# installing drywall to 10 ft vertical walls



## markt59 (Jan 16, 2008)

What is the best method to install drywall to 10 ft, vertical walls?


----------



## jerryh3 (Dec 10, 2007)

markt59 said:


> What is the best method to install drywall to 10 ft, vertical walls?


2 foot piece up top, then two full sheets.


----------



## AtlanticWBConst. (May 12, 2006)

A.) Vertically:
You can stand them up with 10'-0" sheets. Cut edges are always placed into corners, so that all edges that meet are factory seams of the sheets.

OR

B.) Horizontally:
Professionally, we install them this way;

FULL SHEET
2' STRIP (23½ ")
FULL SHEET

- One full sheet up top (4'). One full sheet on bottom (4'). 2' strip in the middle. Because it is much easier and faster to reach and coat the seams at waist height.
However, that placement requires better taping skills since it involves properly coating the non-factory edge of one side of the 2' strip. That could test a DIYer's taping skill level.
So the advice of installing the strip at the top is more appropriate, since you can put the cut edge into the ceiling and the factory edge to the factory edge of the full sheet below it. You would install that arrangement by starting at the ceiling and working your way down the wall, carefully staggering the butt edge seams.

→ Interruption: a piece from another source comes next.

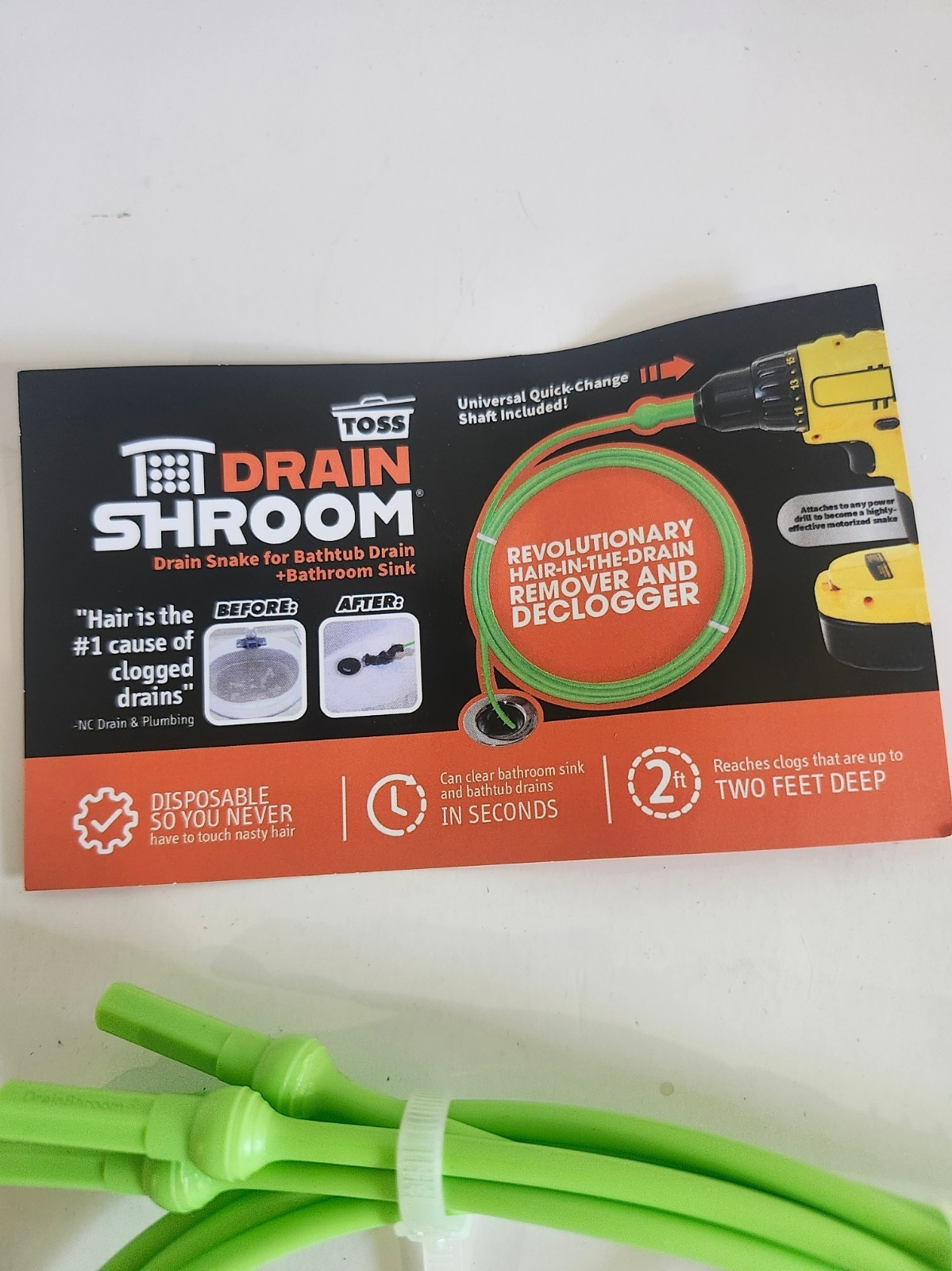 DRAINSHROOM Toss-Disposable Hair Clog Remover, 24 inch Reach, 4 Pack Drain Snake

Now, if you do it that way, *and* you have exactly 10'-0" wall heights, then you would cut your 2' strip to about *1'-11 ½"* or *1'-11"*(accounts for irregular floors),...then when you add your other 4' + 4' sheets, you don't have to muscle it into a "tight fit". Baseboard covers any gaps at the floor level.

You might want to consider using one or two "kickers" or "lifts" that fit under the sheets. By using your foot, you can step on these (like a car gas-pedal) and raise the sheet, to butt it tightly to the upper sheet's edge.

Examples: http://www.all-wall.com/acatalog/Drywall_Lifters.php

Example of another helpful drywall tool, is a rasp - to smooth your roughly-cut sheetrock edges "flat and straight": http://www.all-wall.com/acatalog/Drywall_Rasps.php


----------



## perpetual98 (Nov 2, 2007)

Another great post by Atlantic. Too bad this forum doesn't have a rating system. 

Eric


----------



## jerryh3 (Dec 10, 2007)

Like Atlantic said, it's always better to keep two tapered edges together rather than have a cut end against a tapered. Plus, we always try to keeps seems away from eye level when doing a wall. Also, as he pointed out, cut the top sheet a half inch short so you are not fighting the bottom sheet when you put it up.


----------



## steve1234 (Sep 13, 2007)

Ok, what's the deal with hanging horizontal or vertical? 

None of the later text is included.